8. Don’t make a big thing out of being different, but don’t be ashamed either. Name your home school, so that when asked, your children can say, “I go to the Rice Christian Academy.” It may be wise to consider yourself a branch of your supplier school or set up as a satellite of a local public, private or parochial school. or you may arrange for supervision by a certified teacher if you must have the confidence of local school officials. Remember, no two home schools will be exactly alike. If you are determined to meet the needs of your child, you will do very well.

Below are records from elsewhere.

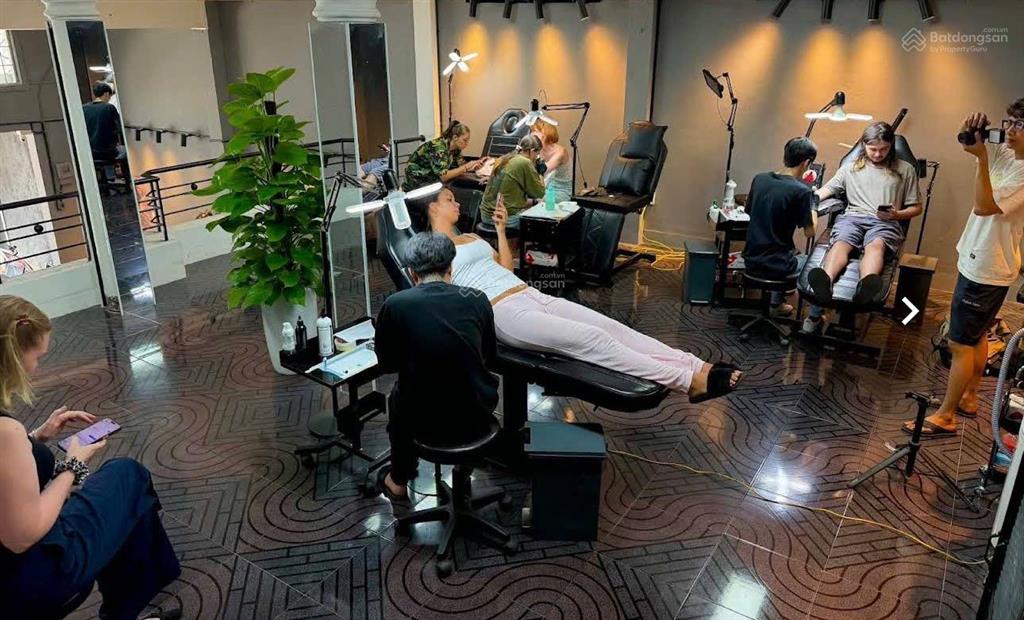 Bán nhà 3 tầng đường 2/4  bắc nha trang. dt 123,5m2  giá 17 tỷ. vị trí vip kdbb gần đh nha trang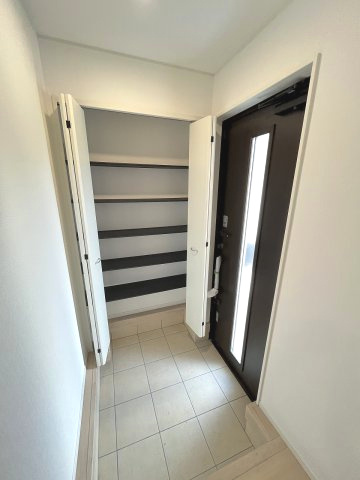 【玄関】 | 糟屋郡宇美町宇美東1丁目第2　1号棟（全5棟）【仲介手数料無料・0円】 | 現地写真。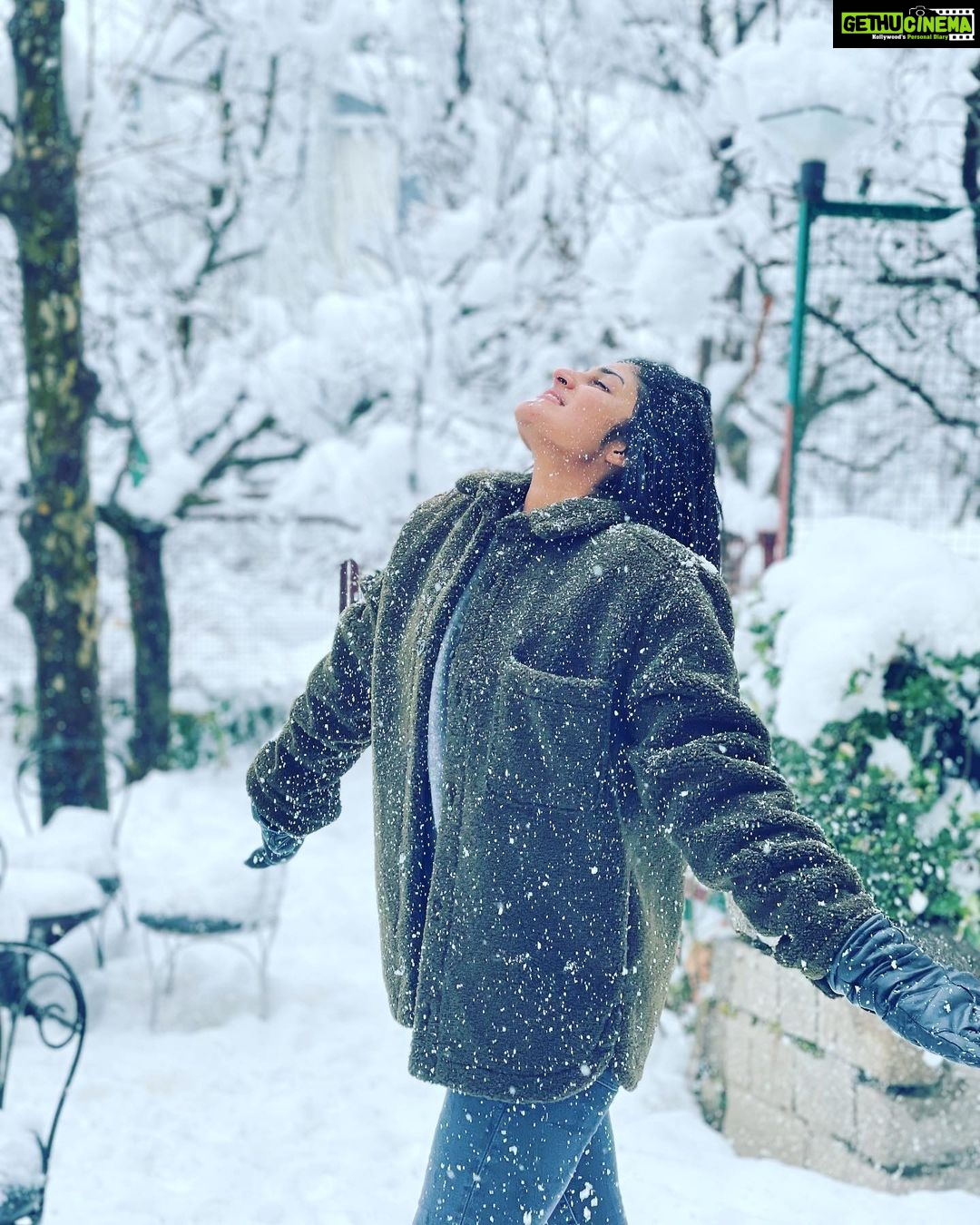 Nimeshika Radhakrishnan Instagram - Merging with the Breeze ❄️⛄️🌨. P.c( @akshitha_bopaiah ) Manali, Himachal Pradesh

9. Most school officials seem to prefer that you move ahead quietly although in states like California, you usually file an affidavit with your state or county school office. If officials challenge you or threaten arrest, be calm, offer evidence of the rightness of your doings, ask if in face of your evidence they have any better ideas. If they are persistent, seek specialists help. There are usually many recourse short of court, such asinjunction, hearings with boards of education and reasoning by specialists on your behalf with officials which often quickly settles the case. For parents of faith this also means prayer.

10. Keep your cool. If your children do not learn as fast as you think they should, take counsel. Be patient. Note MargeSchaefer’s fear in Chapter 2 ab out her middle son reading little at age nine, but reading like an adult six months later when he was ready. It is seldom good to rush music lessons or gymnastics or other popular skills. Most music teaches say it is best not to start lessons before age eleven. When lessons are begun too early, children often want to shift expensively from instrument to instrument or tire of music lessons altogether. A child’s excitement for early music lessons is seldom mature. And parental pressure on an unready child can lead to calamity. A potential prodigy need not also be neurotic.

Remember, when you surrender your parental authority and responsibility to the state, you are still accountable for your children, but you never fully retrieve your authority. Be careful, thoughtful and fully informed before you give away your own lest you like others pay a price in damaged children.

Let’s have more warmth and consistent firmness, less indulgence; more work with you, more tools, sticks, nails than fancy toys; more service for others- the old, the young, the poor, the infirm and less sports and amusements; more self-control, patriotism, productiveness and responsibility- which lead to, and follow self-worth as noble citizens. Parents and home, undiluted usually do this best.